> What to produce
Scan the material and copy every line in which "Seating" appears.

> Source material
--- START ---
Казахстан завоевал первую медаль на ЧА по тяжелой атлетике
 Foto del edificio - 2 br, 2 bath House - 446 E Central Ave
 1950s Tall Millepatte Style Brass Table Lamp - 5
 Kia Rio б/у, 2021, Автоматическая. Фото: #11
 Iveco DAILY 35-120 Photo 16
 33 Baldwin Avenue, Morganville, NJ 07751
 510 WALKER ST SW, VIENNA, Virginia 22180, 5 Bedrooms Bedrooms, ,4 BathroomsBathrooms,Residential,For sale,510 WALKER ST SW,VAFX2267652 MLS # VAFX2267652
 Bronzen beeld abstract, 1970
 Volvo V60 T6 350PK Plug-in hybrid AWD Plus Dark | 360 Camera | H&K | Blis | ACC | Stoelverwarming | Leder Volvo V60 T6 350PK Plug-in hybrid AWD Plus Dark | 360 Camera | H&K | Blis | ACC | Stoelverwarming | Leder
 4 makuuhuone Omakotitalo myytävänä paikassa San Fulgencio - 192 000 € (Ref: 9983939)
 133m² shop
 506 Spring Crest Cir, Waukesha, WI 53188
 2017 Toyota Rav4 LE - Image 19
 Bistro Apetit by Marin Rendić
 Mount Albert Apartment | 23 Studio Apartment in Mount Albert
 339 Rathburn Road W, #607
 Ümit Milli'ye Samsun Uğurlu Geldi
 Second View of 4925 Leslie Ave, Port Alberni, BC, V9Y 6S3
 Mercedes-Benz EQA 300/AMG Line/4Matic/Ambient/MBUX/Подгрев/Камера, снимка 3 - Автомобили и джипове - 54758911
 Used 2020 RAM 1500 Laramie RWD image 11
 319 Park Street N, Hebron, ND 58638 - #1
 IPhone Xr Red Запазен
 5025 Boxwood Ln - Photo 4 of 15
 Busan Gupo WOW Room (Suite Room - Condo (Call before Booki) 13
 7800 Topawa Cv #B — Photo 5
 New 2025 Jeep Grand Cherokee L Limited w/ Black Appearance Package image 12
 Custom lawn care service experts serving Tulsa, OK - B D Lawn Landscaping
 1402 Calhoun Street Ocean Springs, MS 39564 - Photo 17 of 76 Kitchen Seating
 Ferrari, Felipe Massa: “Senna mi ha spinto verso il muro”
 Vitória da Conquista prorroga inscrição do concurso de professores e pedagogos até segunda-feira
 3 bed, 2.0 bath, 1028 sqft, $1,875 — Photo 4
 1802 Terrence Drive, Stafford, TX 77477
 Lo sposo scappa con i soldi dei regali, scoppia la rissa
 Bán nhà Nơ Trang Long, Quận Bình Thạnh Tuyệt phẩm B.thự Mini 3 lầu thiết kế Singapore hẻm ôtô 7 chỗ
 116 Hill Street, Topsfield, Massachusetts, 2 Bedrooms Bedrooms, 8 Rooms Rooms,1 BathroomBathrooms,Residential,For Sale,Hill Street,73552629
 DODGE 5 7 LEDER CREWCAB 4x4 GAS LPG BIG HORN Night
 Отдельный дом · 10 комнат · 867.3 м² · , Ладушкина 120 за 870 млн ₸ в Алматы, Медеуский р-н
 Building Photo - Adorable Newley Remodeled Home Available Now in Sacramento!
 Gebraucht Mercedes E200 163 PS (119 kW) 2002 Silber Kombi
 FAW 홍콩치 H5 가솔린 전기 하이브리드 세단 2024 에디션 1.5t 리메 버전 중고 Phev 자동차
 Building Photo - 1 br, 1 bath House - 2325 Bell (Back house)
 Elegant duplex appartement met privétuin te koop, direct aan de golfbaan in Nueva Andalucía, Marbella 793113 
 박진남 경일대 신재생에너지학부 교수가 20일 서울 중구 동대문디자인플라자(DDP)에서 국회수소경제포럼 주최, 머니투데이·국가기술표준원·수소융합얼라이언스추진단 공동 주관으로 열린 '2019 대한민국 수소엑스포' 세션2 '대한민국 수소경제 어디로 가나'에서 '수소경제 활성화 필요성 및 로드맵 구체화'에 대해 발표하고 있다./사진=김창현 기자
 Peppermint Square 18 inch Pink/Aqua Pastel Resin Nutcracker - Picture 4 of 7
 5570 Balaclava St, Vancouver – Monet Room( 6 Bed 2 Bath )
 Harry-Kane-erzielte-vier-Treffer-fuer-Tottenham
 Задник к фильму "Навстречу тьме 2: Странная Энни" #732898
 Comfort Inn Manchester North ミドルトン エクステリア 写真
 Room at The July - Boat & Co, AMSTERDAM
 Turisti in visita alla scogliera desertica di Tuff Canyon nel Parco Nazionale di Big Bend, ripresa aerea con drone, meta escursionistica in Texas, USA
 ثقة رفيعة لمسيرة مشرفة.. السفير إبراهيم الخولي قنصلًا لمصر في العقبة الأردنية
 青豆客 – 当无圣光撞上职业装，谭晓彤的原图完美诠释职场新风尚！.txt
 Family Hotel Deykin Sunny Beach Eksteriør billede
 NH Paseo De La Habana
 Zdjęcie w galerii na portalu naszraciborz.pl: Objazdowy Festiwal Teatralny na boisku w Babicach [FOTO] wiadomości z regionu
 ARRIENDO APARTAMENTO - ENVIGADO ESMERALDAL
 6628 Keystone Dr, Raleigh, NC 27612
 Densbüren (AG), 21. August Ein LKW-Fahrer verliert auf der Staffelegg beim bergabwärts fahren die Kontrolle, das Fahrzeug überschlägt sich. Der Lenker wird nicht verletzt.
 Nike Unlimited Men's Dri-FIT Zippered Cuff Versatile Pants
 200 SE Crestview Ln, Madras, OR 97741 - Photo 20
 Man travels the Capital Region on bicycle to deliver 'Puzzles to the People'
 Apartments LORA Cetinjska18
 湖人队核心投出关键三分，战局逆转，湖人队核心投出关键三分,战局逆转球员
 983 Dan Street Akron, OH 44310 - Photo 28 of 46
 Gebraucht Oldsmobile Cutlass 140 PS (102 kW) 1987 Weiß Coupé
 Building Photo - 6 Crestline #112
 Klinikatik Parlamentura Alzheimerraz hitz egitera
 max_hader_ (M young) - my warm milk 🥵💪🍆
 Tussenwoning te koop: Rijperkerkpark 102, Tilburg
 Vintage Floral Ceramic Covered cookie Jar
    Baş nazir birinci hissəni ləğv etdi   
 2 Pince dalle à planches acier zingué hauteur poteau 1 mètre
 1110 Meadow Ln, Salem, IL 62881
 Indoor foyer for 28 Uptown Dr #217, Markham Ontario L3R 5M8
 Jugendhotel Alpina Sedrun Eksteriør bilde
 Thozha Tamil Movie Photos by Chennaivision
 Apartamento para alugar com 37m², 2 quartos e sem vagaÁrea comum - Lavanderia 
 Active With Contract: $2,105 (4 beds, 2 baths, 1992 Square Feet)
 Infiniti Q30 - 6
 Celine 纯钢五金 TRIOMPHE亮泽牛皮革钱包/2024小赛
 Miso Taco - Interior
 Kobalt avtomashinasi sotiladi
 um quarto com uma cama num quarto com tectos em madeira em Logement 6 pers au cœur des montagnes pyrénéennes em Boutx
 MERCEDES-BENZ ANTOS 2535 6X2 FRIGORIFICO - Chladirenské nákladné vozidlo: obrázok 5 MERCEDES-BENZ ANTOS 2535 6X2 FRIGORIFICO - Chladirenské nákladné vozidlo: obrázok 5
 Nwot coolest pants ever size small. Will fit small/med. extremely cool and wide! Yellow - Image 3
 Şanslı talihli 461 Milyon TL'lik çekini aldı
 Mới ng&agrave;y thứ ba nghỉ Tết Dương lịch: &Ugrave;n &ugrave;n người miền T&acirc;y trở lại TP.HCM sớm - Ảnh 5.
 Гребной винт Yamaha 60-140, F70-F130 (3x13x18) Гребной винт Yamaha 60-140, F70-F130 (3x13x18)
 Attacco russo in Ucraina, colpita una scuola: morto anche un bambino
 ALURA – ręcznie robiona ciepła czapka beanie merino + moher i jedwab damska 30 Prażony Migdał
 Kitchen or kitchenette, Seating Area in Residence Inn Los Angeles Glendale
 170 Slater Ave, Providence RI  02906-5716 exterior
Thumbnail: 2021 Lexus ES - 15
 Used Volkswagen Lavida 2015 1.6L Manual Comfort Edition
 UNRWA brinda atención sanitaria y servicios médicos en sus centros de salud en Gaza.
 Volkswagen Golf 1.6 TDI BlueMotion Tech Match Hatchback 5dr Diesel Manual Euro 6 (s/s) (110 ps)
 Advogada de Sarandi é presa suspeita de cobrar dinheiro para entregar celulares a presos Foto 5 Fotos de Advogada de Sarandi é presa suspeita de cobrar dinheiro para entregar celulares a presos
--- END ---
> Answer to this problem
 1402 Calhoun Street Ocean Springs, MS 39564 - Photo 17 of 76 Kitchen Seating
 Kitchen or kitchenette, Seating Area in Residence Inn Los Angeles Glendale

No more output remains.